Your hardware and software is almost everything I wanted to achieve.
If you want further quick wins for acceleration, I suggest auto-identification of the host and automatic breakpoints for the host's integer and floating point multiply routines. In the trivial case, JSR to a fixed address would reduce to one multiply. However, that fixed address is specific to each version of each host and may be affected by page bank registers which also vary by host.

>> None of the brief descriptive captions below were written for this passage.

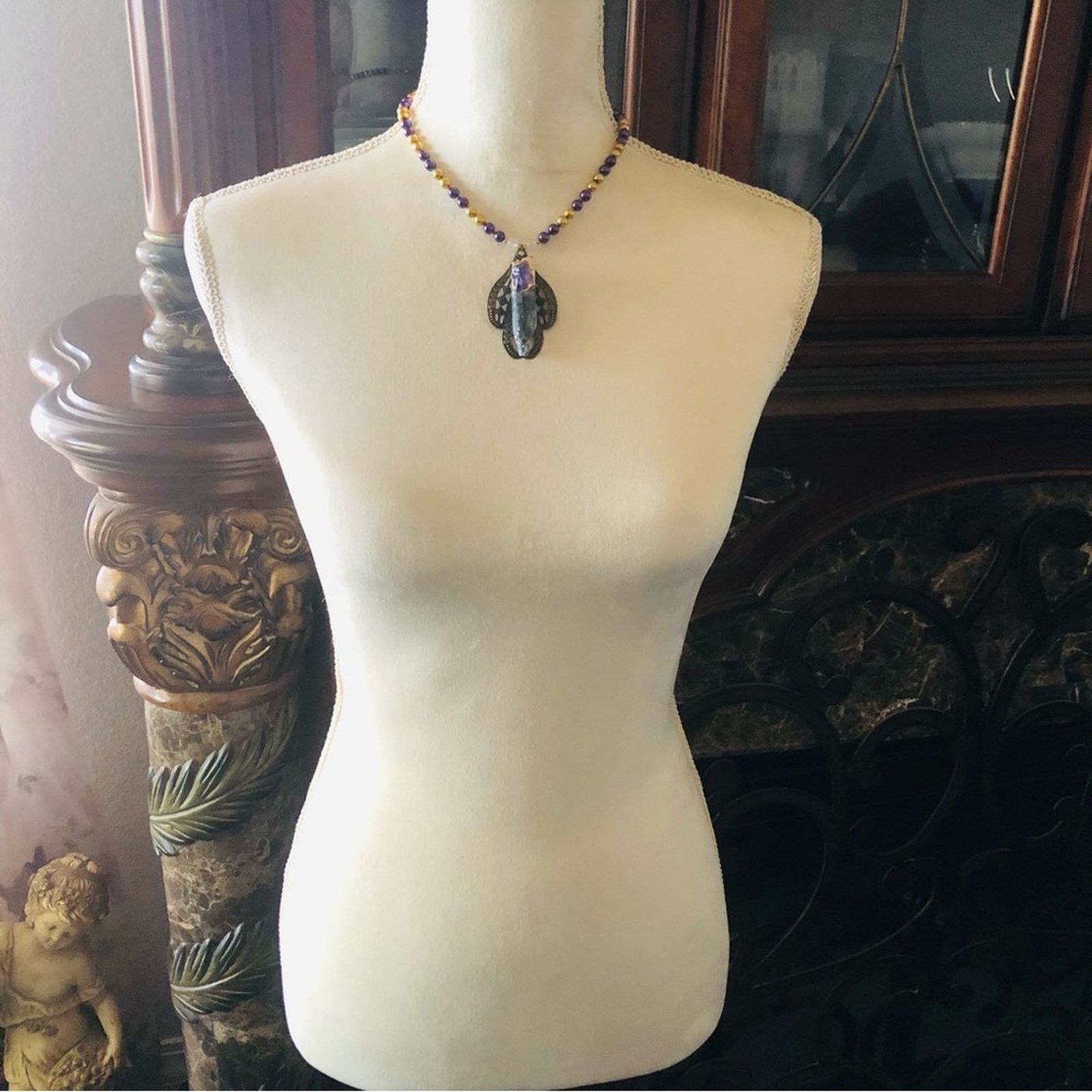 Handmade Handcrafted repurpose kyanite and amethyst Pearl necklace Size ONE SIZE - 6 Thumbnail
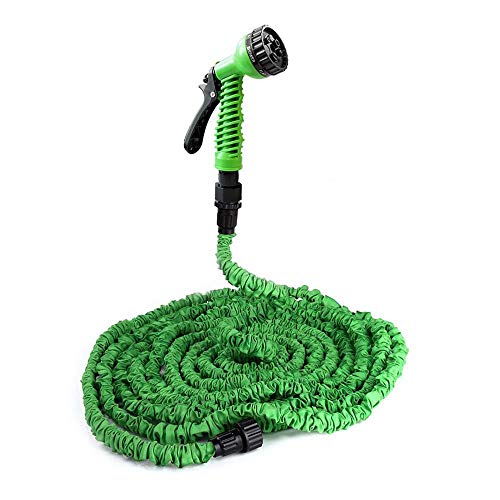 Preisvergleich Produktbild XIXIK 3x erweiterbarer Gartenschlauch, natürliche Emulsion Flexibler Gartenwasserschlauch mit 7 Funktionen Sprühdüse, 7,5-45 m (Grün,7.5m)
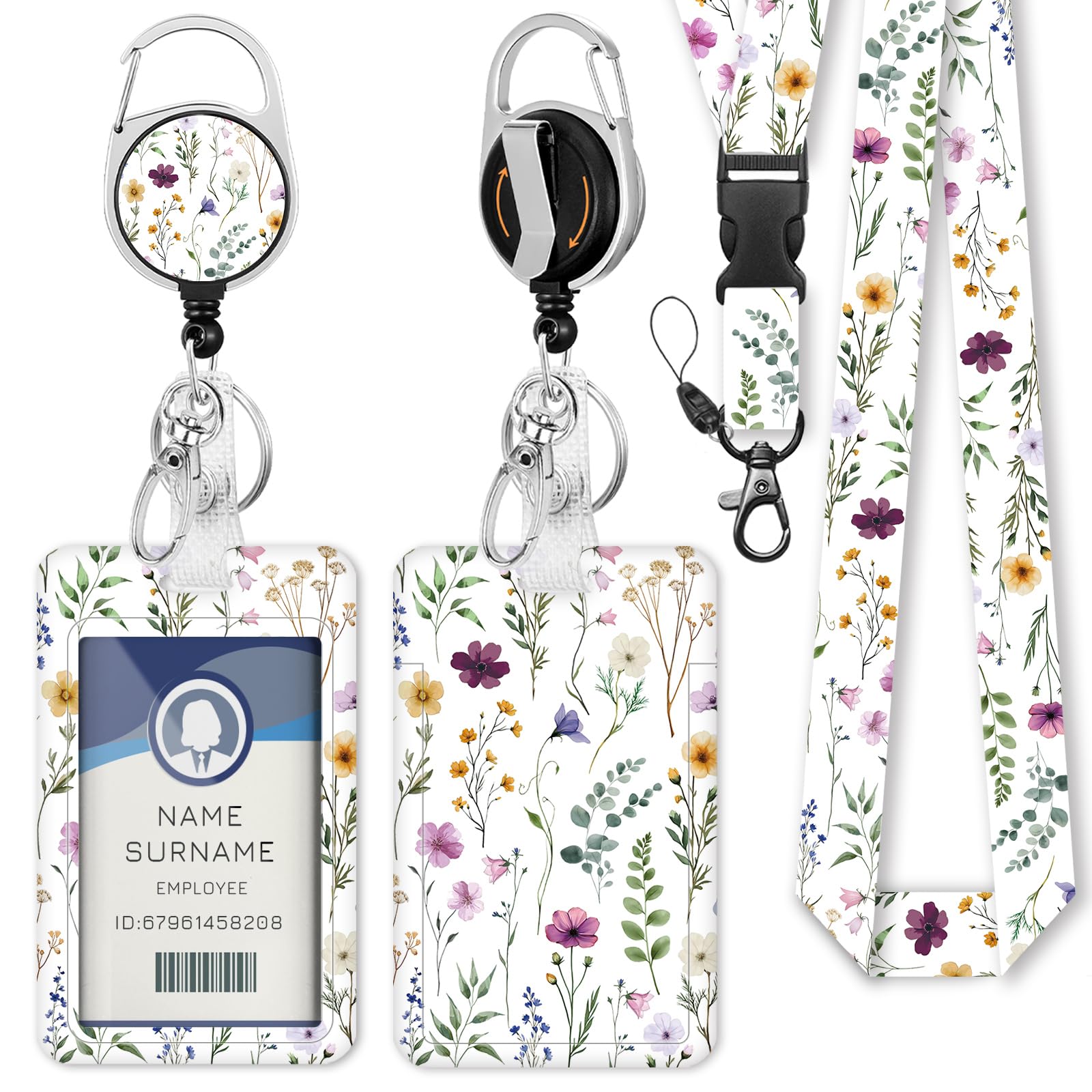Gctriki Umhängeband mit Blumenmotiv für Ausweise, niedlicher Lehrer-Ausweishalter mit Umhängeband, einziehbarer Spule, Schlüsselanhänger, vertikaler Namensschild, Kartenschutz für Frauen, Lehrer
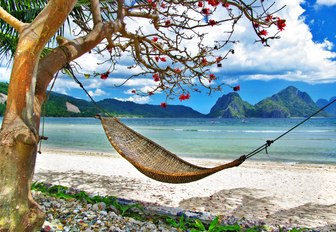 secluded sandy beach in the Philippines with a hammock to relax in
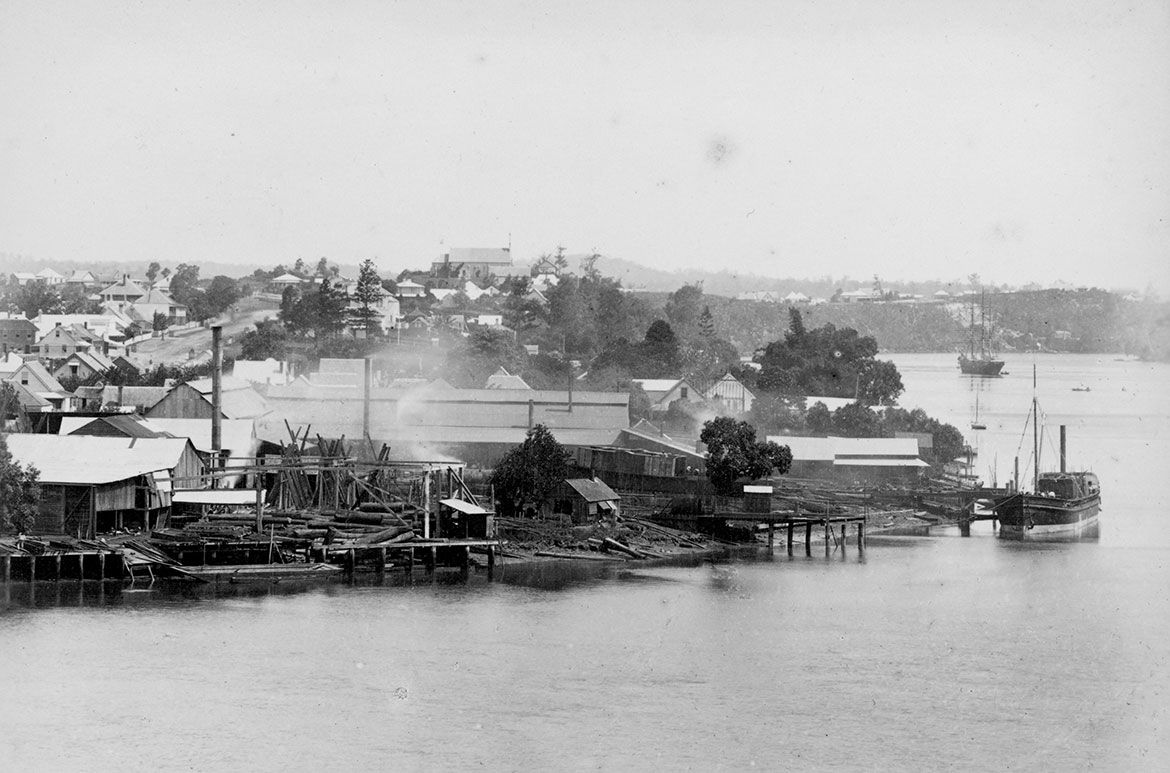 Saw mills on the banks of the Brisbane River, Kangaroo Point, c.1882 / Courtesy: John Oxley Library, State Library of Queensland, Brisbane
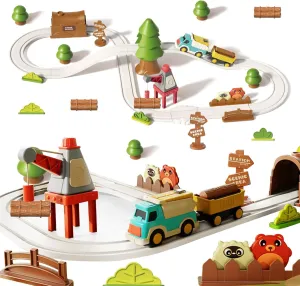 RedCrab Forest Train Set for Toddlers, 36PCS Train Toys with 2 Electric Trains Tree-Hole Lighting, Kids Train Set for Aged 3 4 5 6 7 8  Boys Girls Birthday Christmas Children's Day Gift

You might want to implement big-banged cell networking between 6502 hosts. This would be a spiritual successor to 6854 used in AppleTalk and Acorn's EcoNet (unsuccessfully licensed by Commodore). Indeed, it would be quite special to see a common network protocol running across Commodore, Apple, Atari and Acorn. It should be possible to implement a common network interface using, for example, JSR $FFFE as another hook. From here, it should be fairly easy to implement text chat or similar.
If you could make a USD50 Commander X16, Foenix C256 or any reasonable subset thereof, that would be extremely popular. The Commander has a trivial page banking scheme and is loosely compatible with VIC20. The Feonix has a memory mapped FPU. Your implementation is likely to be faster and cheaper.
MicroCoreLabs on Sat 9 Jan 2021 wrote:
I first explored using a Teensy4.0 which is a smaller board that has less IO's, but would have needed multiplexed address and/or data signals in addition to having a bidirectional data bus.
My first message to this forum contains an outline solution for the necessary multiplexing. (
Circuit.
State machine. Apologies in advance for color highlights. The meta-data shows that I drew these diagrams six months before I joined the forum. I have subsequently seen superfluous use of color mentioned at least five times.)
Ignoring SYNC and RDY, the minimal implementation requires 11 microcontroller pins and seven chips: one buffer chip for interrupt lines, two (or more) latches for address, latch and buffer for data, one 74x138 to orchestrate and one glue logic chip. With one additional microcontroller pin, one 74x138 and one glue logic chip, it is possible to implement an additional 8 bit data bus with 64 bit address-space or larger. Four or more variants may use common firmware.
Curiously, from your research, the larger Teensy 4.1 may be preferable for 8 bit implementation and the smaller Teensy 4.0 may be preferable for 32 bit or 64 bit extension. Either way, I strongly recommend your work to randyhyde as the basis of a
32 bit or 64 bit extension similar to my own.